After performing representation training with 53,000 hours of label-free data, a pre-trained model for Facebook's wav2vec 2.0, which became a hot topic because it created a speech recognizer with only 10 minutes of labeled data, was released.
Versions with no fine-tuning, 10 minutes, 100 hours, and 960 hours fine-tuning in the representation model have been released. Perhaps one of the main interests is the application of Korean, but I am very excited because it shows excellent performance without large amounts of data. Now, I think that speech recognition technology will also be on the path of universalization.
The related paper is “wav2vec 2.0: A Framework for Self-Supervised Learning of Speech Representations” shared by the link below.
audio alone followed by fine-tuning on transcribed speech can outperform the
best semi-supervised methods while being conceptually simpler. wav2vec 2.0
masks the speech input in the latent space and solves a contrastive ta…

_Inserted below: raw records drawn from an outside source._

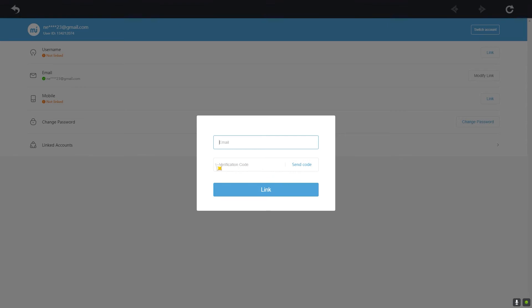That's basically how you guys can change your email in Genshin Impact. Hope you guys were able to understand the video. If you were, be sure to hit that like and subscribe to our YouTube channel with notifications on. If you guys have any questions you can ask us in the comments — I'll be happy to answer. I will see you guys in my next video, bye bye!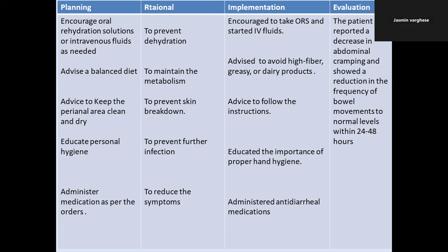This is about the nursing diagnosis and care plan for diarrhea. Hope you understand, guys. Next time we will come and discuss another nursing diagnosis and care plan. Thank you.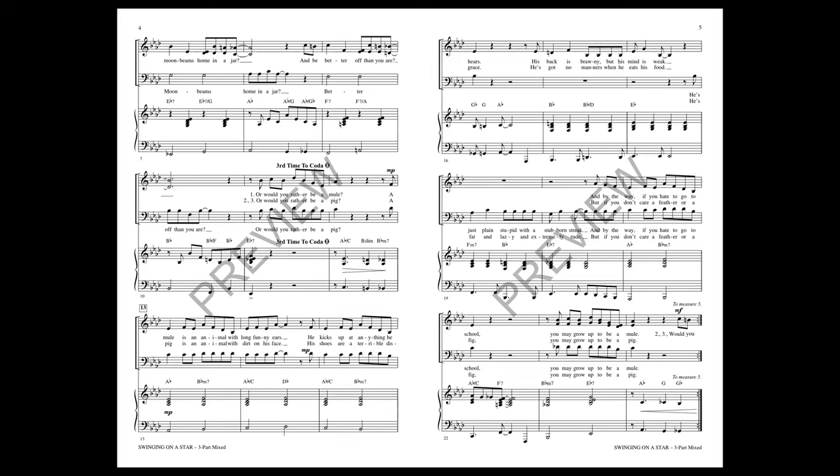An animal with long funny ears, he kicks up at anything he hears. His back is brawny but his mind is weak. He's just plain stupid with a stubborn streak. And by the way, if you'd hate to go to school...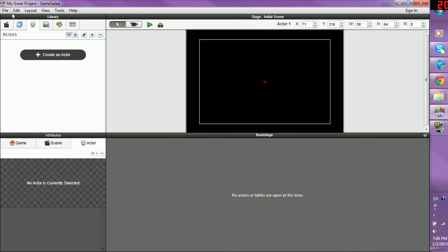First, we're going to go through the menu items. Then we'll go through the library items, the stage screen, attributes, and backstage.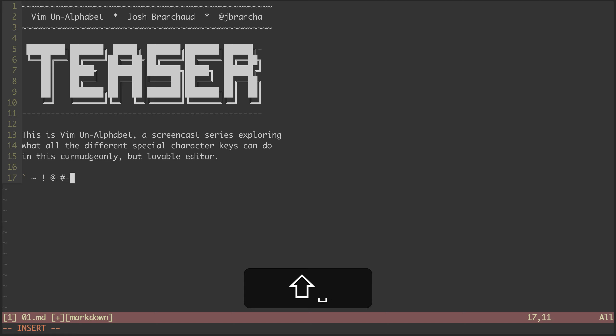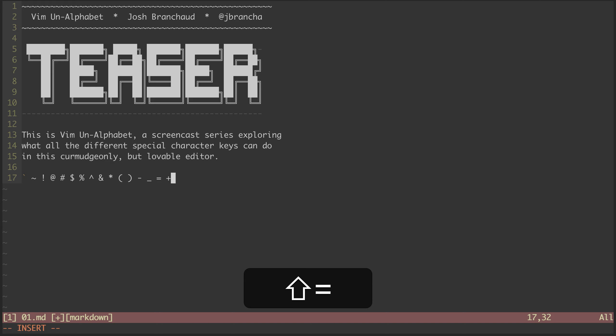Whereas he explored all of the letters of the alphabet, I'll be exploring all the non-alphabet, the special characters, which are all quite action-packed with fun capabilities that will level up our Vim game.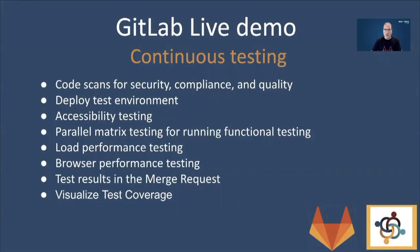I will give you a live demo of how you can integrate continuous testing into GitLab CI Pipeline. For this demo, I created a special pipeline with a few kinds of tests.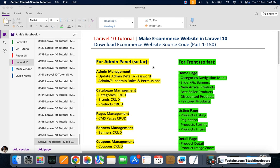Hello, welcome to the Laravel 10 series. Finally, 150 videos are ready to download. I'm going to explain how you can download them and what features we have included. We are creating an ecommerce website in Laravel 10.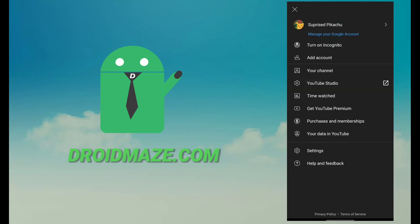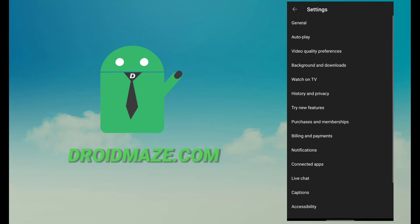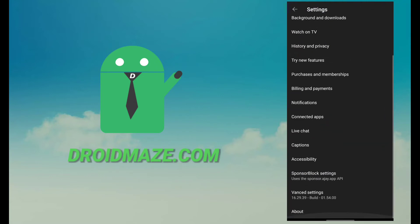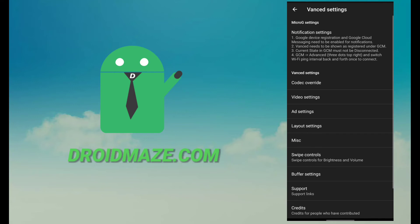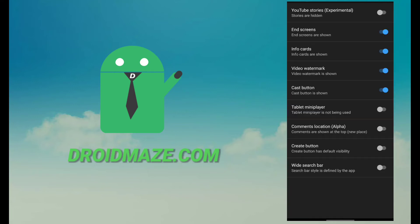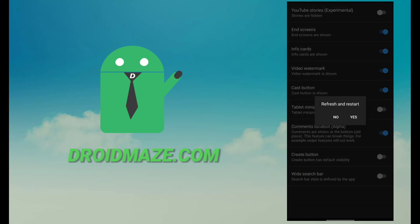Now go to Settings, then YouTube Settings, and then Advanced Settings. In Advanced Settings, you need to click on the Layout Settings option. In Layout Settings, you just need to enable the option that says Comments Location Alpha, and then restart the app.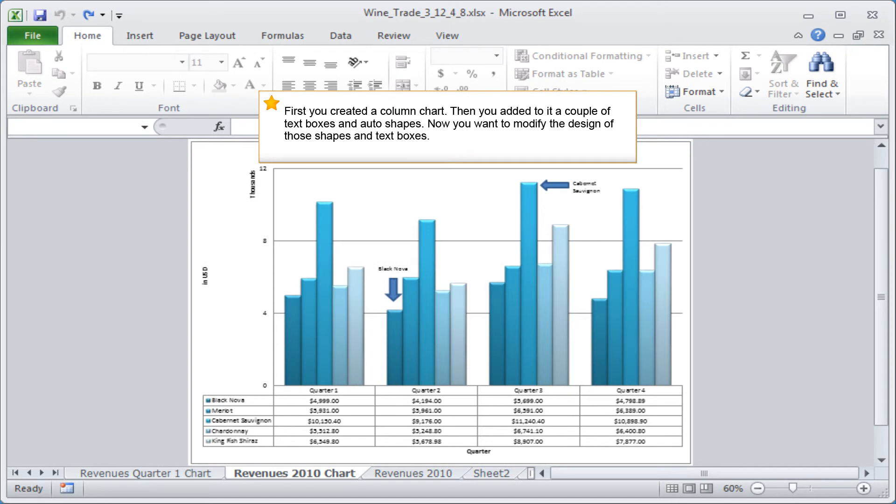First you created a column chart, then you added to it a couple of text boxes and auto shapes. Now you want to modify the design of those shapes and text boxes.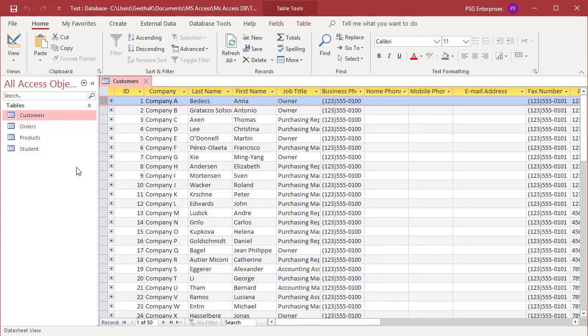Sometimes you might need to increase the row height to accommodate larger fonts or text that uses multiple lines. You cannot resize each row individually. When you resize a row, all the rows are resized.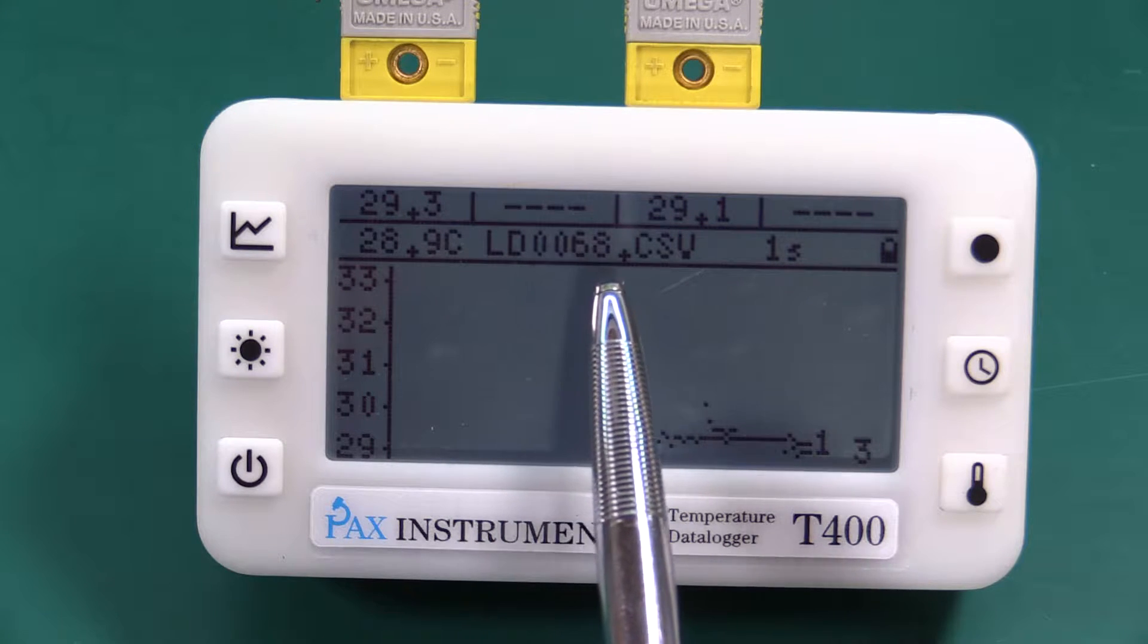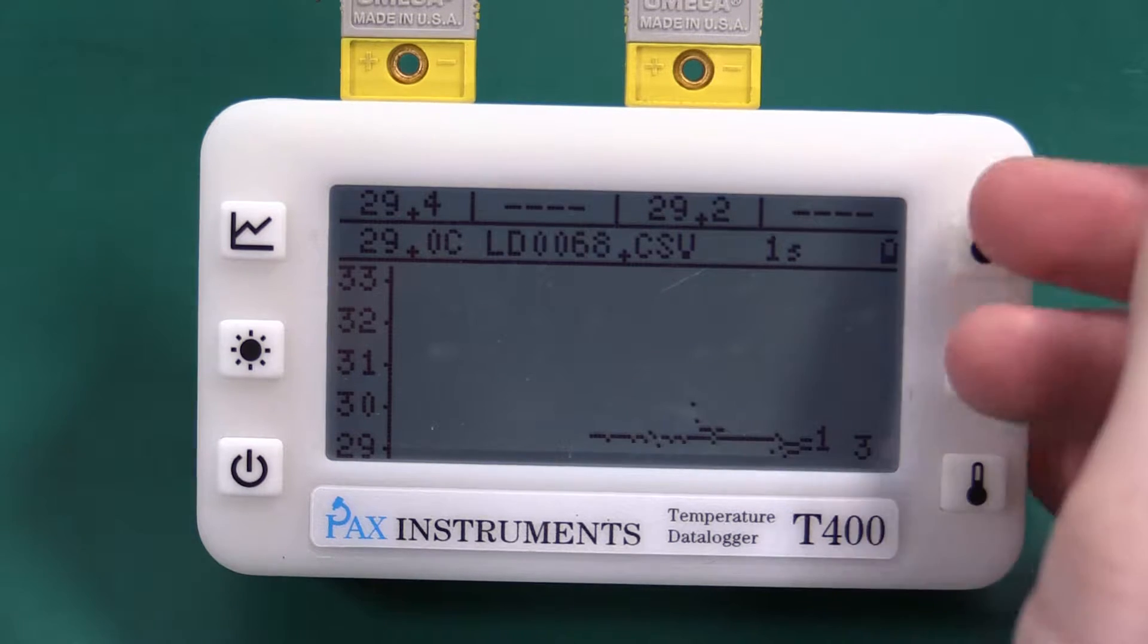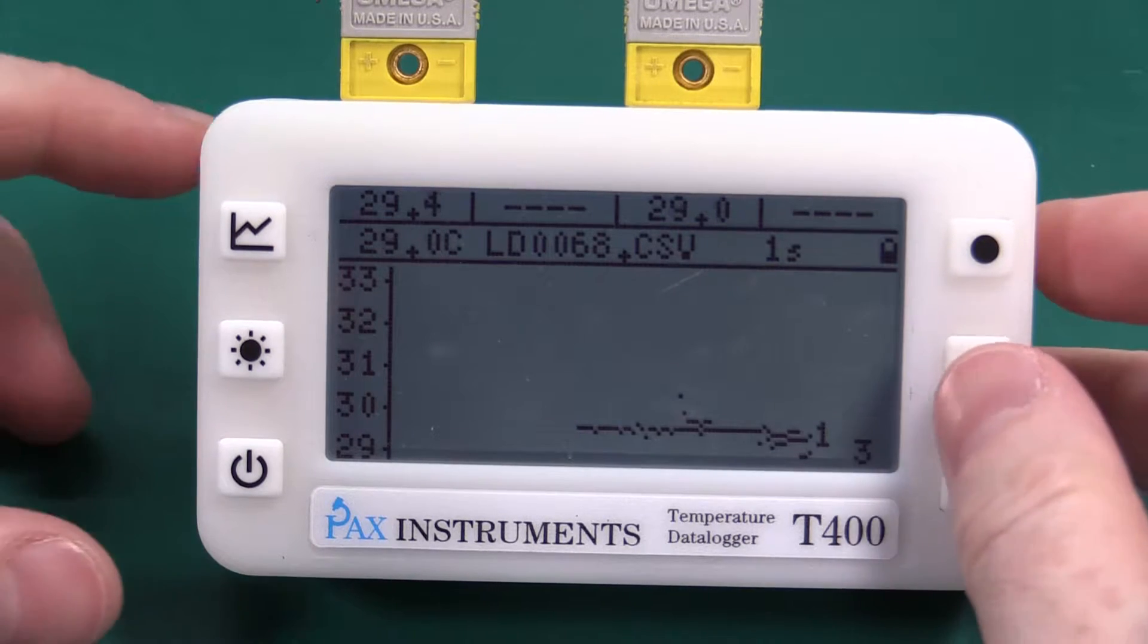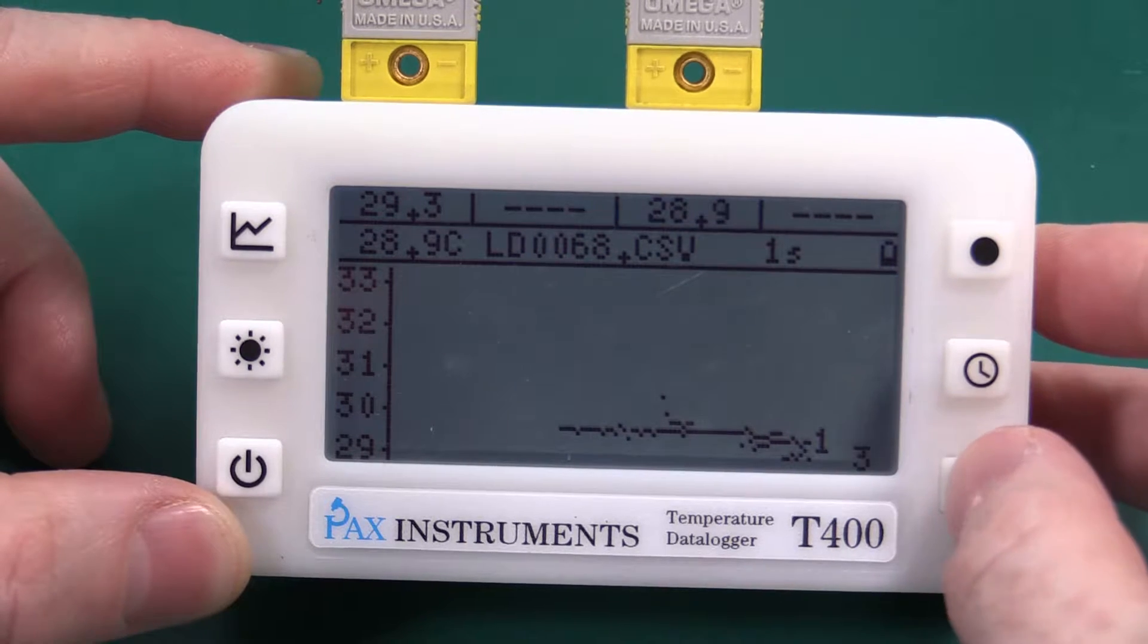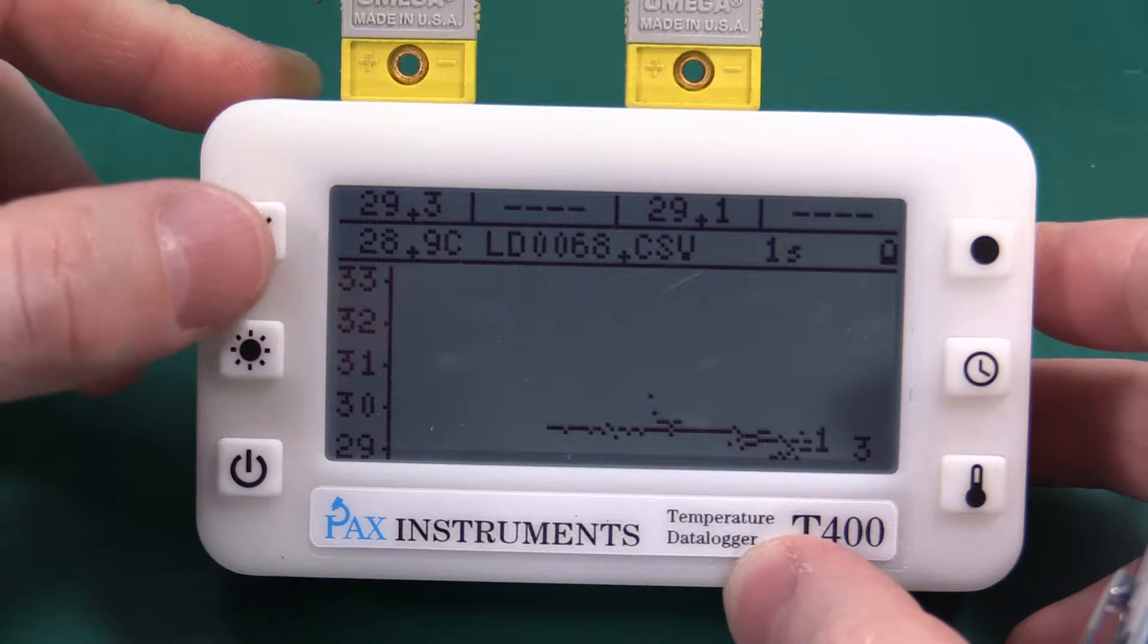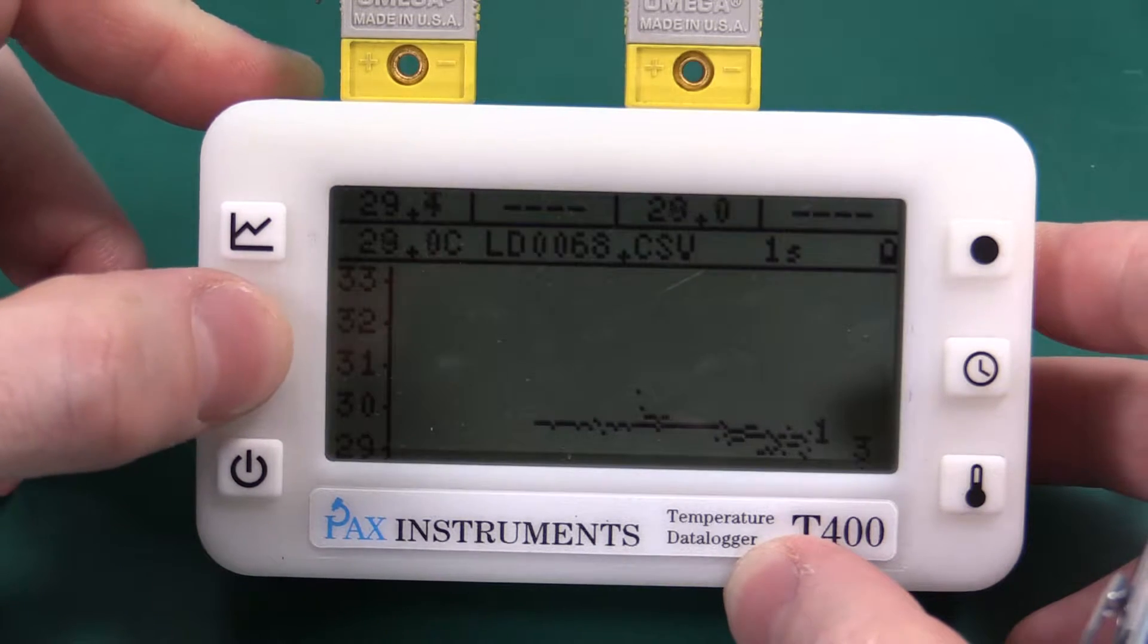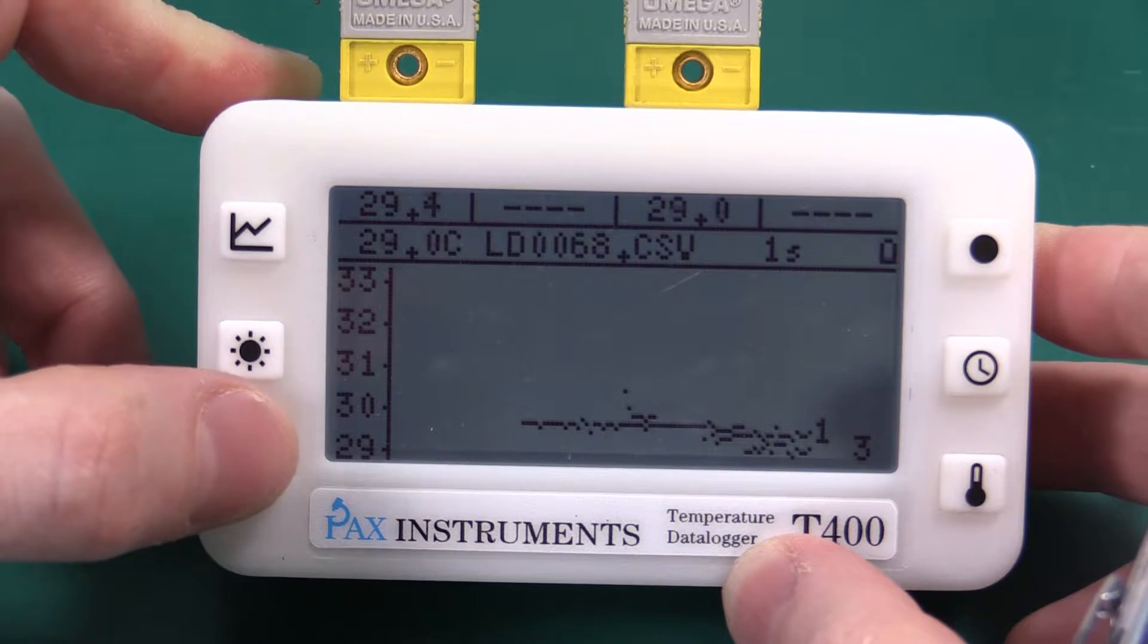LD0068, standard CSV file. What's nice in this mode you're unable to change the time base, you're unable to change the units. You can still change the backlight but you cannot power the device off.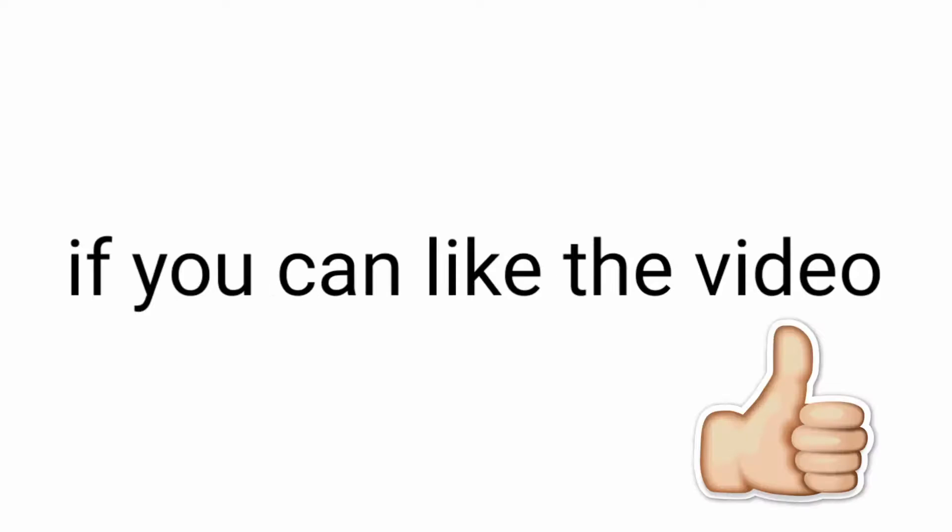And let's see if you can like the video and subscribe before the video ends. Now, that's impossible.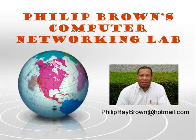Hello and welcome to Philip Brown's Computer Networking Lab. You're watching the instructional video called Telnet.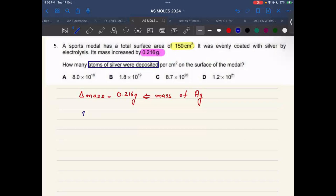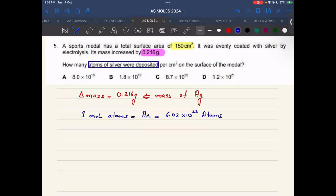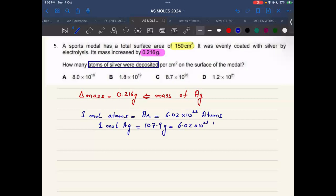We know that one mole of any atom has a mass equal to its atomic mass, and one mole has 6.02×10²³ atoms. If we are dealing with silver, then one mole of silver has a mass equal to the relative atomic mass of silver, which is 107.9 grams, and the number of atoms in this mass would be 6.02×10²³ silver atoms.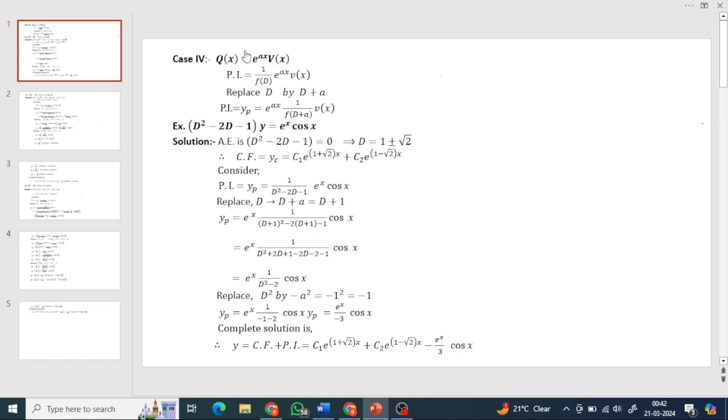Hello students. Today we are going to do linear differential equations. This is the direct method and this is Case 4.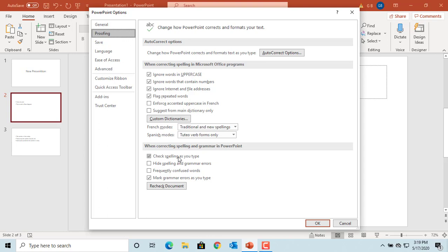For example, if you want PowerPoint to do spell check on words which are all uppercase, then uncheck that box. Click OK to save changes.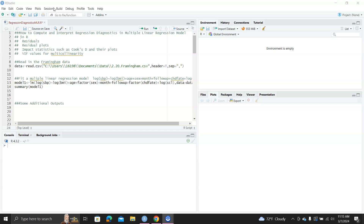In this video, I will show you how to compute and interpret regression diagnostics in a multiple linear regression model using R. I'll show you how to compute different residuals and impact statistics, then generate different plots, and learn how to interpret those plots.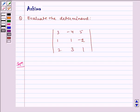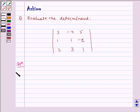Hello and welcome to the session. Evaluate the determinant: 3, minus 4, 5; 1, 1, minus 2; 2, 3, 1. Now let us write the solution.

Basically, representation learning is performed with a large amount of unlabeled data, and the speech recognizer is completed by fine tuning with a small amount of labeled data later. It is said that wav2vec 2.0 has improved performance by adopting a transformer structure compared to the existing wav2vec. Looking at the published experimental results, representation training was performed with 53,000 hours (!) of unlabeled data, and additional learning was performed with labeled data of 10 minutes (average 12.5 seconds x 40 sentences), and WER 5.7 (clean) / 10.1 for LibriSpeech. (noisy) level. If you read 40 sentences, it's amazing that the voice recognizer is ticking. (WER 1.9 / 3.5 using all of the LibriSpeech training data)
Considering that labeling is a major hurdle in making speech recognizers, it is a very meaningful study in many ways. The links below are articles from Wav2Vec 2.0 github and VectureBeat respectively.